--- START ---

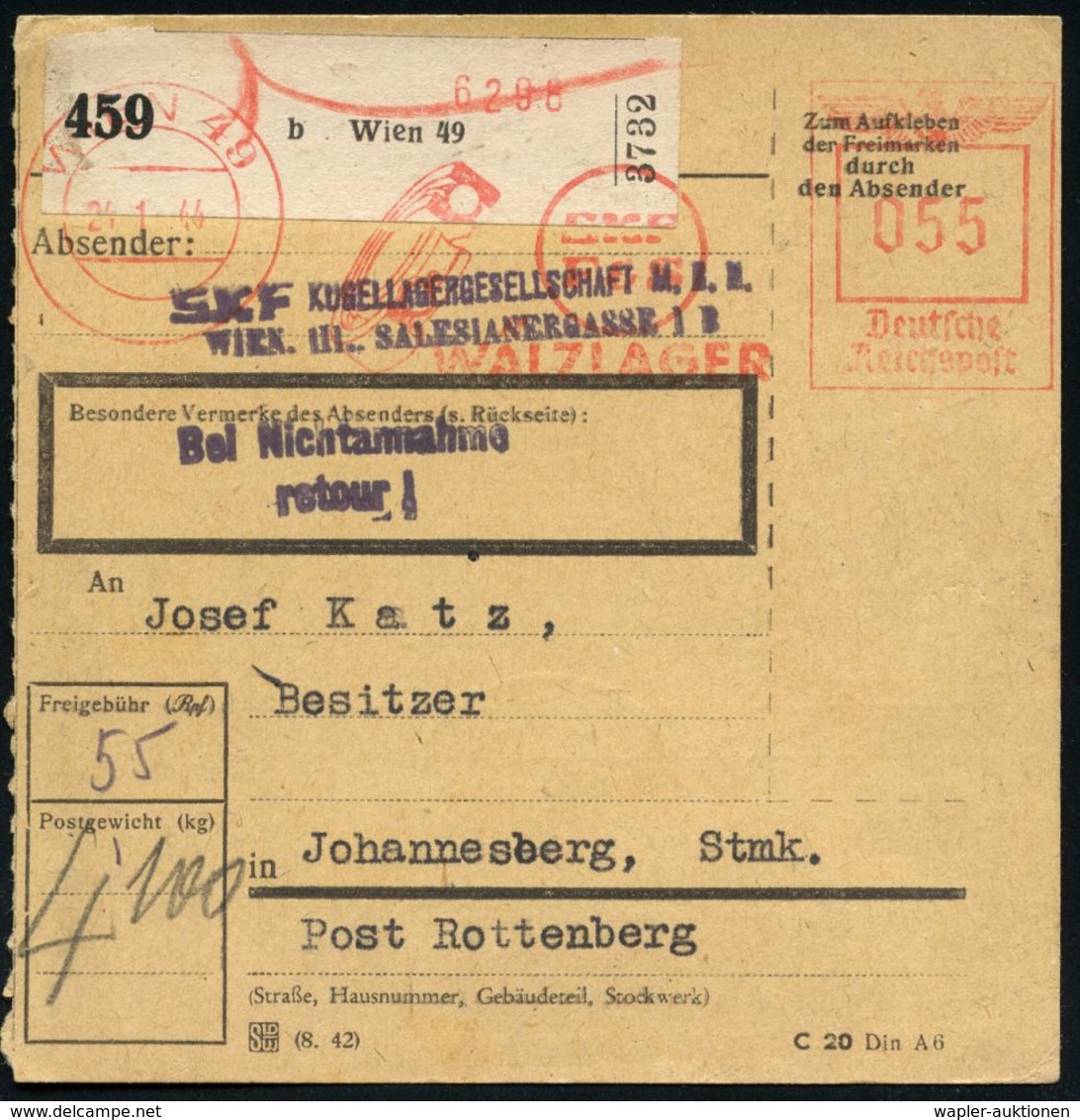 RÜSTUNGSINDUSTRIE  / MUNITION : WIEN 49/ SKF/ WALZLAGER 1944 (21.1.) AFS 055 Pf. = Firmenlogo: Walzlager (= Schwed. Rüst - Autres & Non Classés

--- END ---
--- START ---

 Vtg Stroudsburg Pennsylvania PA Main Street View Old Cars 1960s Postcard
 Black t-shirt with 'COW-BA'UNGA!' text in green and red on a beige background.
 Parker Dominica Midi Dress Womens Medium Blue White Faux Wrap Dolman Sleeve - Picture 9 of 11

--- END ---

(WORK REQUIRED): For the material above, reproduce exactly the lines from the line with "Vtg Stroudsburg Pennsylvania" to the line with "Parker Dominica Midi", inclusive, and exclude all others.

(RESPONSE TO THIS TASK):
 Vtg Stroudsburg Pennsylvania PA Main Street View Old Cars 1960s Postcard
 Black t-shirt with 'COW-BA'UNGA!' text in green and red on a beige background.
 Parker Dominica Midi Dress Womens Medium Blue White Faux Wrap Dolman Sleeve - Picture 9 of 11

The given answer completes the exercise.